Chris got into rapping in an unusual way. At the age of 17 he was an established skateboarder in the Toronto area with sponsorships left and right. In fact, his success locally was significant enough that he decided that it was time to move on to bigger things - namely Los Angeles to take his skating to the professional arena. Yet just as all was falling into place, tragedy struck. Shortly before leaving for LA, Chris fell while attempting a trick and suffered a debilitating injury to his foot, one that would force him to give up skating for months. Having always been interested in hip-hop culture, Chris spent a good deal of his time away from skating with some local MCs. These informal hangouts transformed his casual interest in hip-hop into a serious love for the music that began his budding career. Said Manafest, "I remember my very first gig, that was in my home church, so it must have been in 1999 or 2000. There were maybe 20 people there, and it was really horrible. We have it on tape and no one will ever see it!"

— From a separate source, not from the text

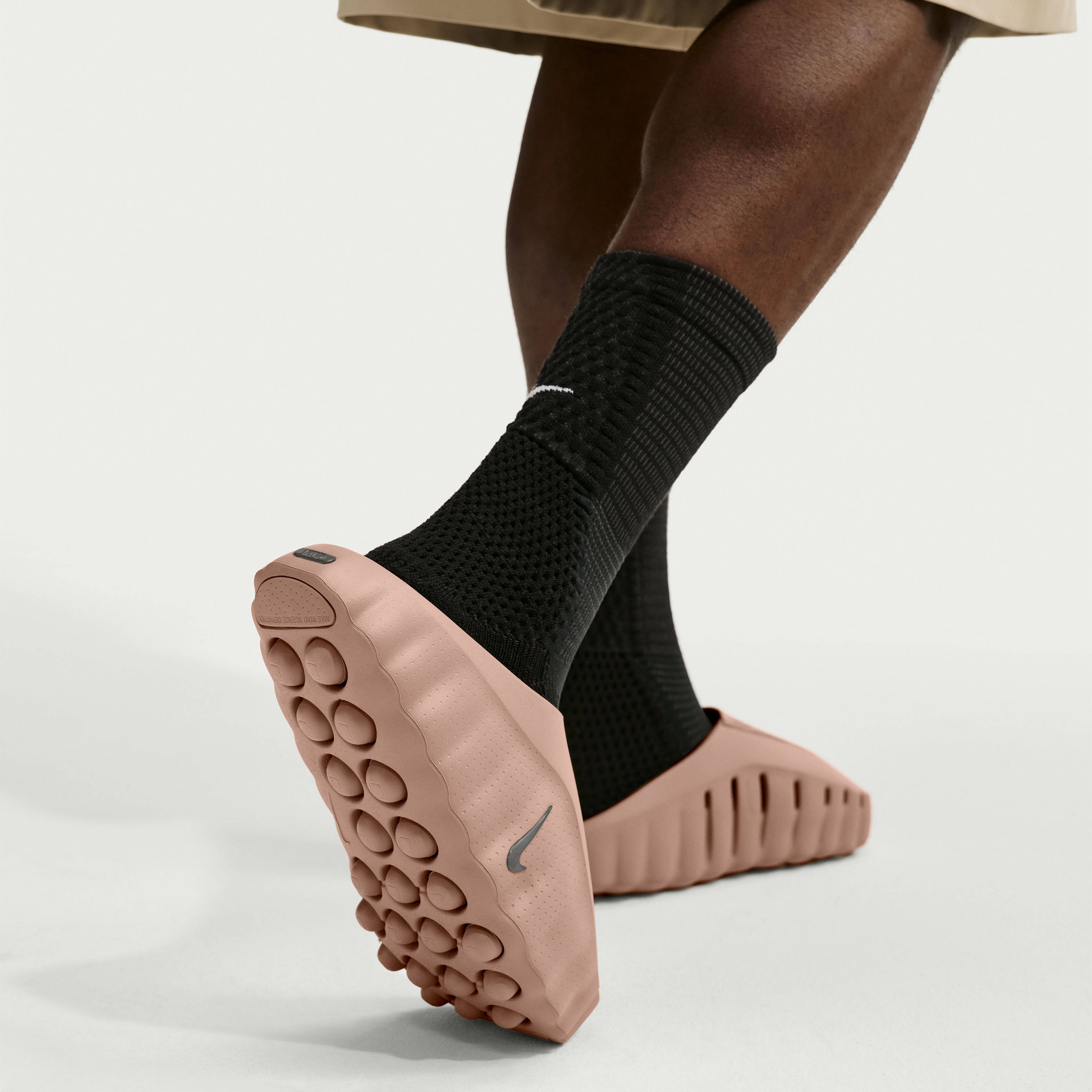 Nike Mind 001 Hemp On Feet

From such a humble beginning the rapper's progress was pretty steady and by 2001 he had released his first EP, 'Misled Youth' ("A harmony of true hip-hop culture and alternative styles," enthused Feed magazine). Remembered Manafest, "Two of my favourite songs on that are 'Session', that's more of a hip-hop song about skate boarding, and 'Freedom'."
As Manafest's skills as a rapper increased, so did his creative ambition and his next independent album, 'My Own Thing', was a definite step forward. Said the rapper, "That had 18-20 tracks, that's a lot of tracks. Some of the things on there were pretty good and I ended up getting signed to Tooth & Nail after Trevor McNevan (the frontman of Canada's Thousand Foot Krutch) introduced me to the company. Then in 2005 T&N released 'Epiphany' that had some of the songs that were on 'My Own Thing' plus I did a bunch of new ones as well. Then in 2006 I cut 'Glory' which really blew things up and became a big hit in Japan. It sold over 30 thousand records over there - and we haven't even been over there yet!"

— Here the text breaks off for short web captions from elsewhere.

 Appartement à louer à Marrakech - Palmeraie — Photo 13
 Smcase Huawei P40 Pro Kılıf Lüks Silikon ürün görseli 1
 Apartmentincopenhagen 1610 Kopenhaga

I wondered aloud to the rapper why 'Glory' should have been Manafest's breakthrough record in Japan? After all, there are few Christians there. He responded, "Yeah, there's barely any at all. It's a very low percentage of Christians, like 0.3 per cent. If an album is going to sell there, it's got to do it in the mainstream. So God just opened some really cool doors there. And that's the reason I was able to do the newest record now, 'Citizens Activ'. The new singles off that are 'So Beautiful' and '4,3,2,1'. 'So Beautiful' is more of a rock-driven melodic track featuring my buddy Trevor from TFK. And then '4,3,2,1' is more of a club, party jam kind of song."

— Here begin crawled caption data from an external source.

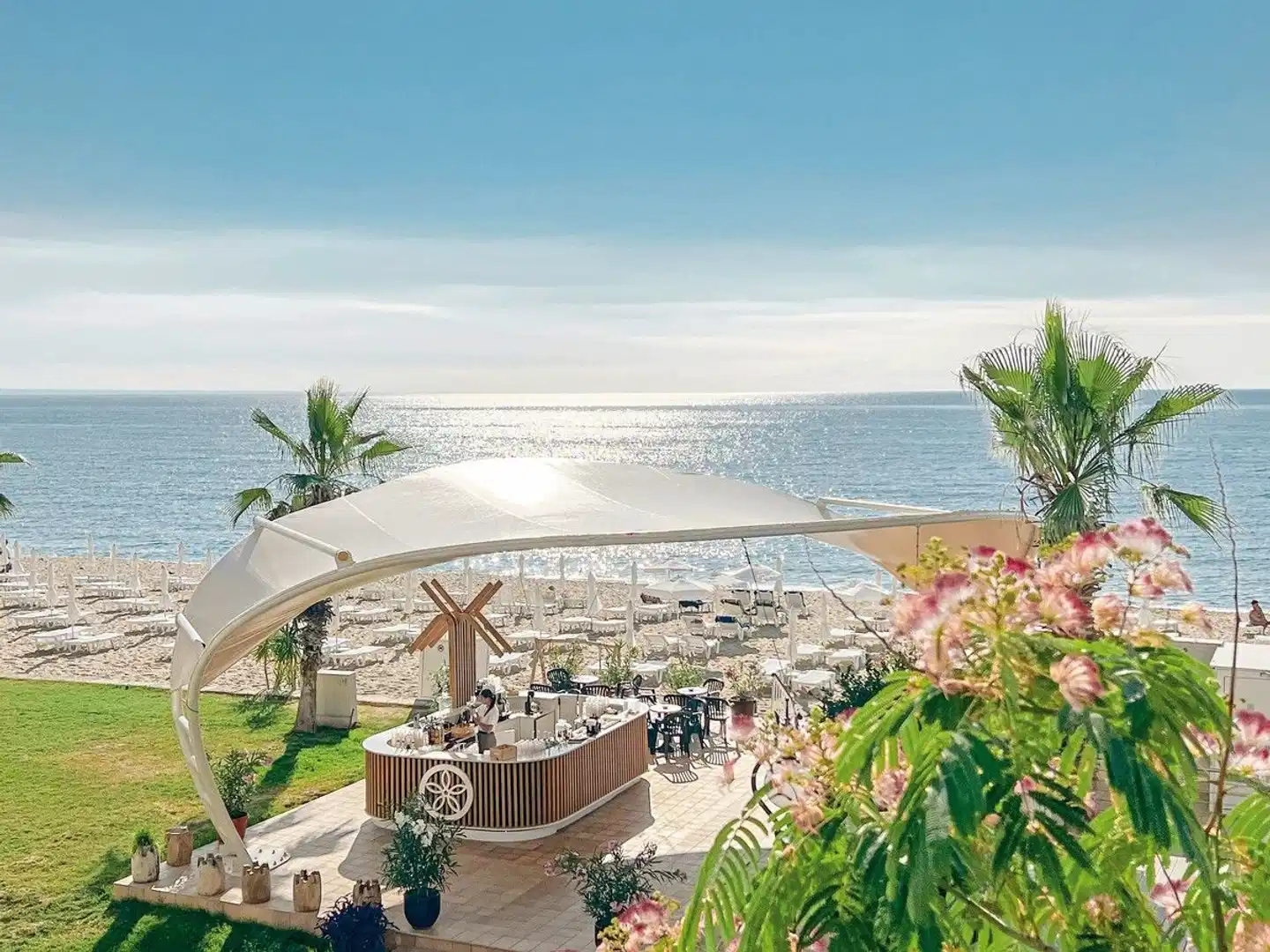 Sentido Marea Garten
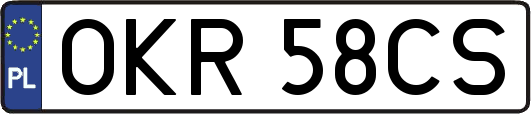 OKR58CS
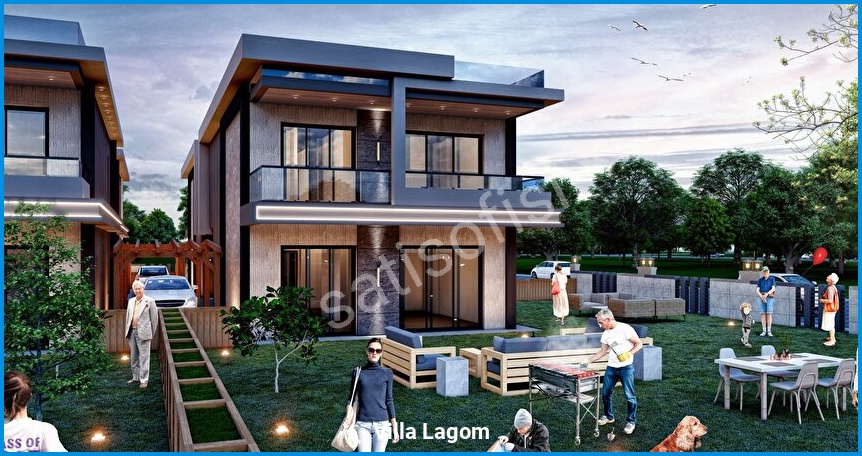 Villa Lagom 3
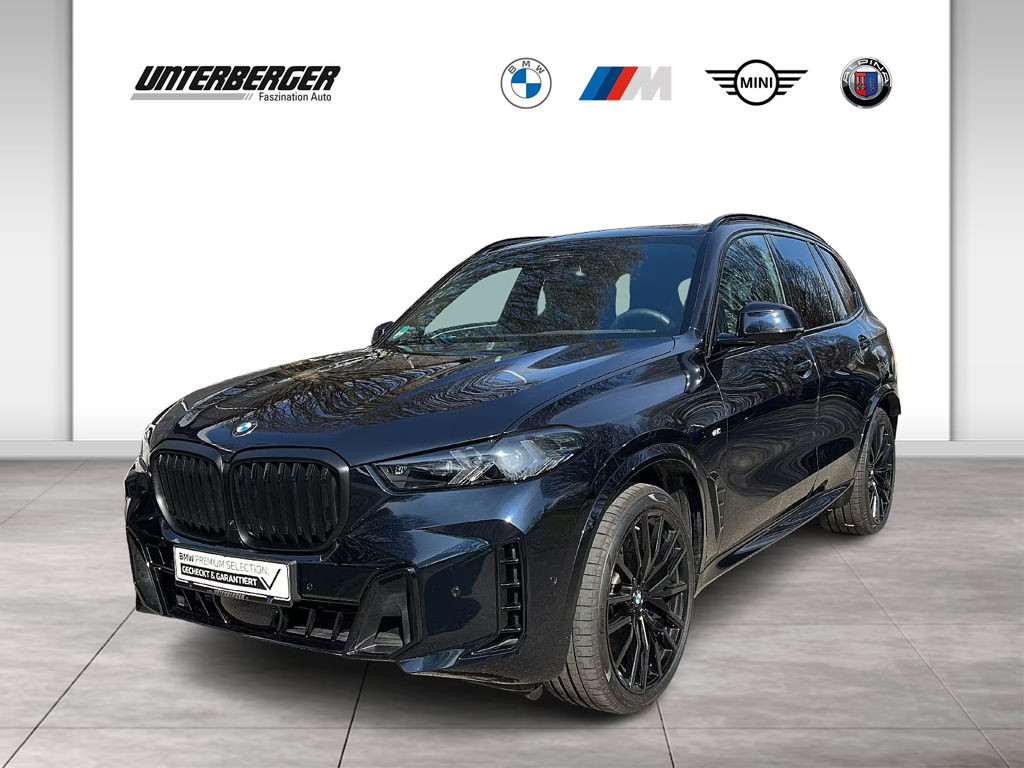 BMW X5 M-Sport xDrive40d
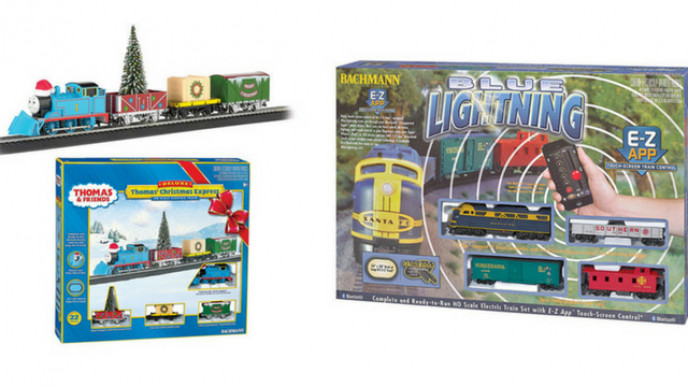 best buy train set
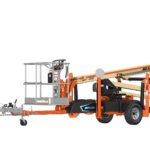 2026 JLG ET350 Towable Boom Lift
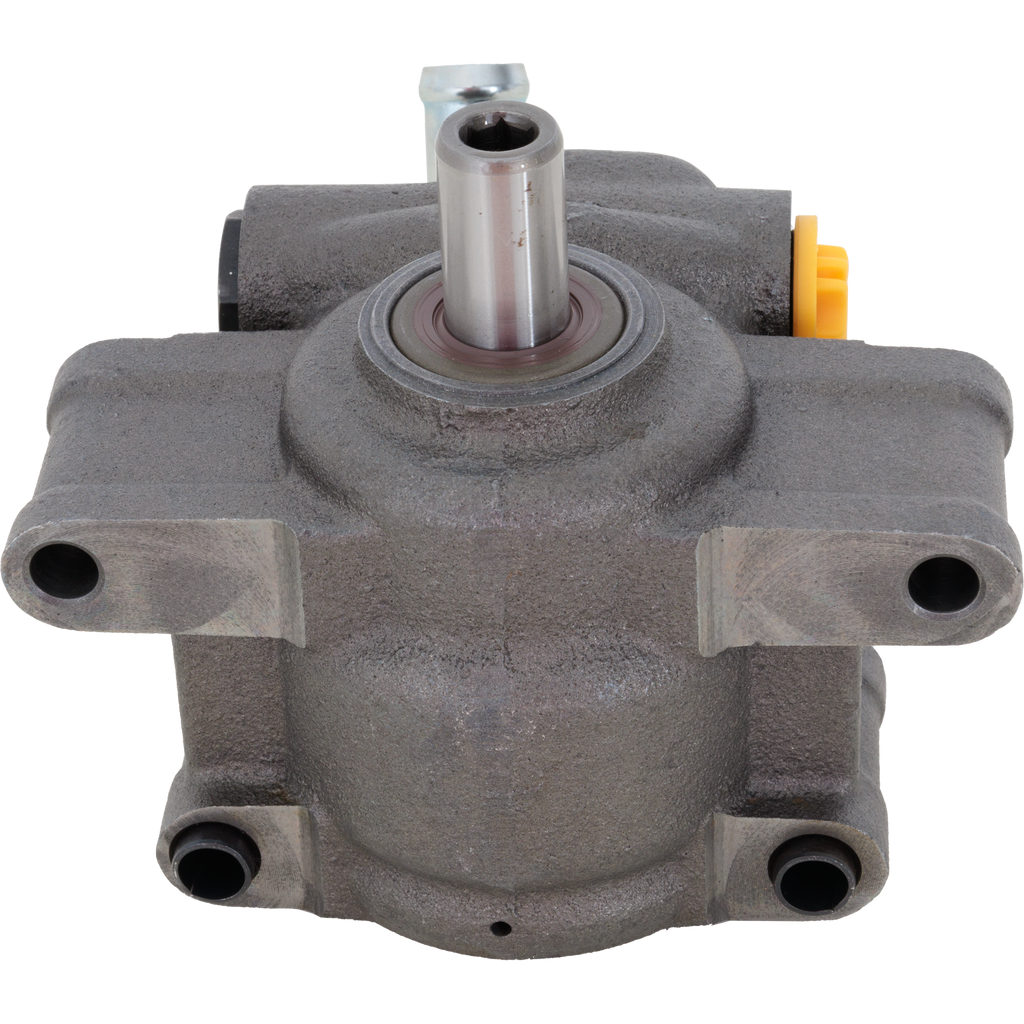 B2300 01-09/RANGER 01-11 POWER STEERING PUMP, w/o Reservoir and Pulley, 2.3L/(2.5L, 01-01) Eng.
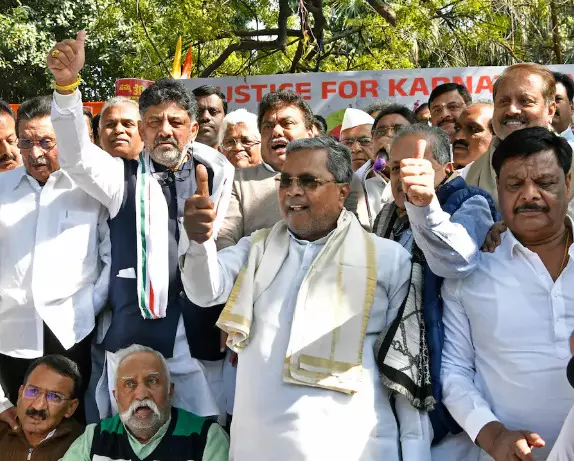 After Karnataka, other southern states to also hold demo in Delhi over central funds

Usually for Manafest the songwriting process begins with a rhythm. "I prefer to have a beat first and then I write to the beat or write to the music. Or I'll write to somebody else's track. I'll find an instrumental or something that really inspires me, I'll write then I'll get a certain producer to produce something around the lyrics. But normally it's the beat first. And then I write the lyrics; that's what I prefer. I love to get involved with the hooks - I find that one of the most challenging parts, because it's got to be catchy, that's why it's called a hook. And that's where we really nailed it on 'Citizens Activ'; every song is just very catchy, sing-alongable, very radio friendly. And it's tough you know, there's one song I wrote, 'Breakup', I had all the lyrics and all the verses but it took me like four months. I was like 'No, that's not it, that's not it, that's close, but that's not it.' Finally we just kept working it and working it and finally got it. Or sometimes I'll get Trevor from TFK, he's really good at writing catchy hooks so he helped me with some of the rock stuff with putting the hooks in."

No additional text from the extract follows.